To summarise the position, periodical payment orders are a form of annuity that ensures that a guaranteed sum, usually index linked, is paid to the injured party as frequently as he or she requires—weekly, monthly, quarterly or annually. PPOs have two particularly significant aspects. First, they transfer all longevity risk to the insurance company. The insured does not have to be concerned that he or she may live longer than is actuarially assumed, with the possibility of having to live in reduced circumstances for the last years of their life. Secondly, PPOs transfer all investment risk to the insurance company. The insured does not have to worry that bad investment decisions made on his or her behalf might result in a reduction in his or her income. Those are two significant factors.
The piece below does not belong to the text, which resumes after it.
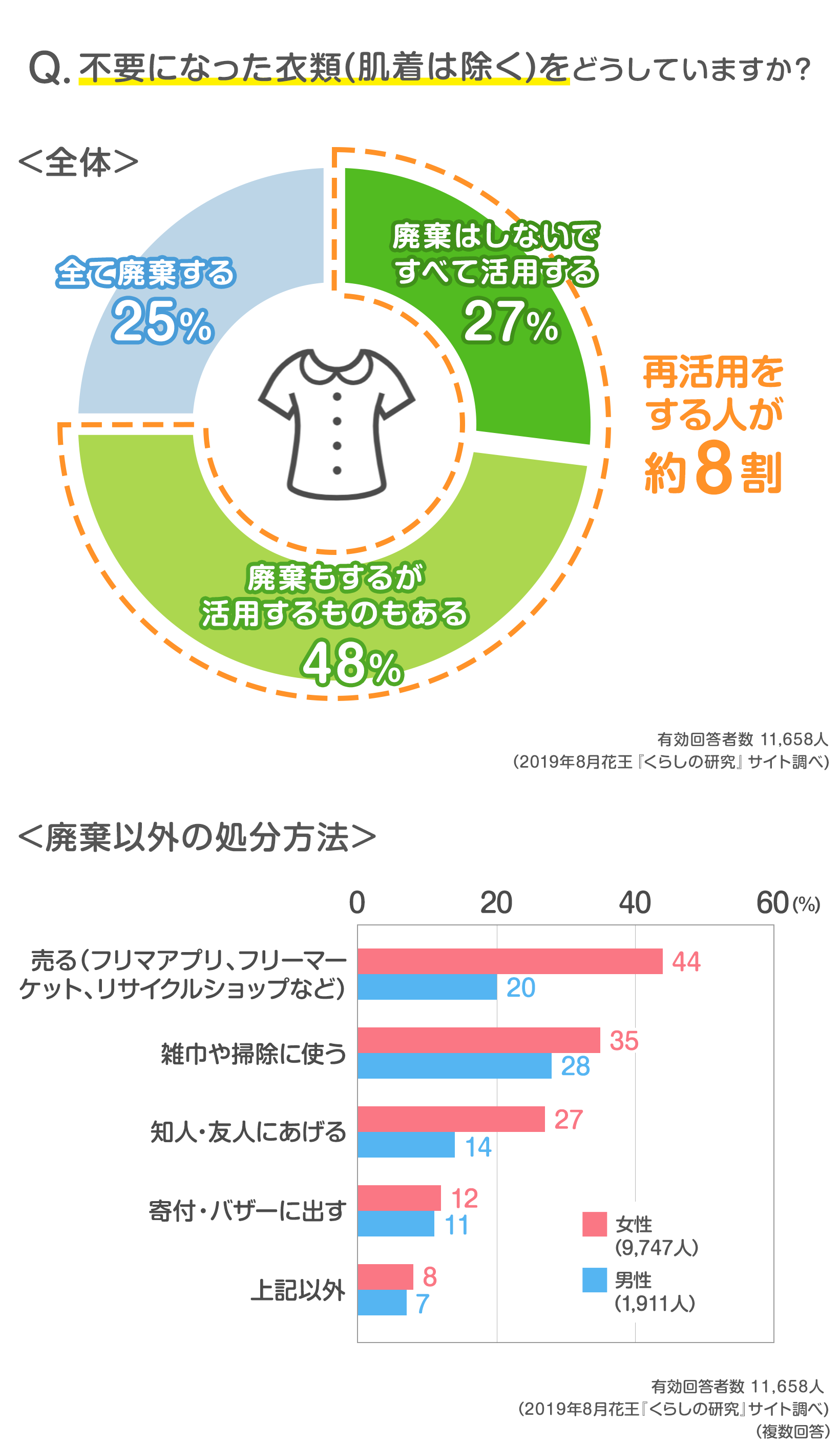 読者11 658人の声 着なくなった服 どうしてる 発表 みんなのアンケート 花王 くらしの研究 読者11 658人の声 着なくなった服 どうしてる 発表 みんなのアンケート 花王 くらしの研究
I hope that it is common ground that one of the major purposes of the Bill is to ensure fairness—to ensure that individuals suffering life-changing injuries are properly compensated for the rest of their lives, however long or short these may be, and that these payments are made within a framework that is fair to the other insured individuals, who will have to pay their share of the expenses. I remind the Committee once again that I am not a lawyer—but a court must find it incredibly difficult from a purely practical point of view when faced with, say, the tragic case of a young man aged 25 who is badly injured in a road traffic accident, and the impossible task of ensuring fairness between the parties and deciding in such a case what the right single lump-sum award of damages should be. What is the life expectancy of such a person?

I have heard it argued that one does not need to be concerned about individual cases because average life expectancy over a number of cases can actuarially be determined fairly. However, that considers the case only from the point of view of the insured and, indeed, the co-insured. It is not much help to the individual injured party—injured, say, at the age of 25—to hear, “We thought you’d only live for 35 years, but here you are. I’m so sorry that you’re still living now and that the money is running out”. Nor is it fair to the insured and the co-insured, that when such a person, very sadly, dies early of complications aged, say, 40, a potentially significant lump sum is passed to his or her descendants, who have virtually no locus in the case.

In those situations, periodical payments would ensure fairness—so why are they not the default option in cases of long-term injuries and for people with low risk tolerance? There appear to be a number of structural reasons why that is so. First, from the point of view of the insurance company, a lump-sum payment is neater and more administratively convenient. In essence, one could put a pink ribbon round the file—or, in modern parlance, send the case to the cloud—and forget all about it. Further, PPOs are unattractive to insurers because of the method by which they are rated for capital adequacy purposes. I will not detain the Committee this afternoon with a detailed explanation except to say that, under the technical provisions of reserving, the combination of a best estimate of liabilities, the risk margin and the solvency capital requirements makes PPOs unattractive.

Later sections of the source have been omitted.